Easy exit: the SECP operates a strike-off regime for defunct companies — those without assets, liabilities, or operations — under which the company applies for its name to be struck from the register [Companies (Easy Exit) Regulations — TO BE VERIFIED BY REVIEWING LAWYER]. It is faster and cheaper than liquidation, typically a few months, but it is only available to genuinely clean companies and requires tax clearance in practice.
Insolvent companies go through court-ordered winding up on a creditor's or the registrar's petition, before the company bench of the High Court. Pakistan also has a corporate rehabilitation statute contemplating court-supervised reorganisation of distressed companies, though it has seen limited use [current status and rules under the Corporate Rehabilitation Act, 2018 — TO BE VERIFIED BY REVIEWING LAWYER].
In every route, the sequencing discipline is the same: settle employees' statutory dues, obtain tax clearances, close the sales tax and payroll registrations, and only then distribute. Distributions made ahead of undisclosed tax liabilities follow the directors and the liquidator around.

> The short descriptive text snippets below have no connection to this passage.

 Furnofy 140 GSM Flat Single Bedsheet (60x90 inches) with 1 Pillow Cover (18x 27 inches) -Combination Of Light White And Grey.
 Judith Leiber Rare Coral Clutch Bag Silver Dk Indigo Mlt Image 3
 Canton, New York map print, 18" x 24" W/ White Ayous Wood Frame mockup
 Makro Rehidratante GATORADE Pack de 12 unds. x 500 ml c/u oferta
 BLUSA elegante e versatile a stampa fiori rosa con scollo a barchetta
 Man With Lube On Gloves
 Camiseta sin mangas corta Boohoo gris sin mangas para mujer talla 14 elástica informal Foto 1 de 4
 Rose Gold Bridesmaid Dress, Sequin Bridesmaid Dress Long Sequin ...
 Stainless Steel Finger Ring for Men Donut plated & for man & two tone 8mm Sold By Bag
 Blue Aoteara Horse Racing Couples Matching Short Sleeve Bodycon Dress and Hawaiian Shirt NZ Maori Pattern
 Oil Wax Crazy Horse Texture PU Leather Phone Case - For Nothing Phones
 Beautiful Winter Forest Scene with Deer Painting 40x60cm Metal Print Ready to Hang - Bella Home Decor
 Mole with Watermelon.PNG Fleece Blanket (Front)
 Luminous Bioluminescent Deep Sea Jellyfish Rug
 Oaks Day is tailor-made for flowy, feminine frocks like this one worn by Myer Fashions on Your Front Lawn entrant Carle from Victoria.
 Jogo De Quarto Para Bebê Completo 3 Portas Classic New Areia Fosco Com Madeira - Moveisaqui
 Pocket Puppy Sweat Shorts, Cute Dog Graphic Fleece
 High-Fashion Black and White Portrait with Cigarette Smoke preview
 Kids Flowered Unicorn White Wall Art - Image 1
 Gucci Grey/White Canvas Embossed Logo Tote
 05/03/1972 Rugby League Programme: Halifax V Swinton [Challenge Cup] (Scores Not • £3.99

Closing a branch or liaison office
A branch or liaison office is closed by notifying the Board of Investment and applying for cancellation of the permission, settling local liabilities and taxes, closing registrations, and remitting the residual balance through the authorised dealer with SBP-side documentation [current BOI and SBP closure requirements — TO BE VERIFIED BY REVIEWING LAWYER]. The tax deregistration is usually the long pole; the FBR will want the branch's final position settled before clearance issues.
Planning the exit at entry
The clean exits are designed years earlier. Four habits pay for themselves. Keep the SBP record perfect from day one — reported allotments, registered loans, banking-channel remittances — because the repatriation of exit proceeds rests entirely on it. Keep tax filings current, because every exit route passes through a tax clearance. Negotiate exit mechanics into the shareholders' agreement — pre-emption, drag and tag, valuation method, deadlock — while goodwill is high. And keep the company clean enough for the strike-off regime if the venture ends quietly; the difference between easy exit and a contested liquidation is mostly housekeeping done or not done along the way.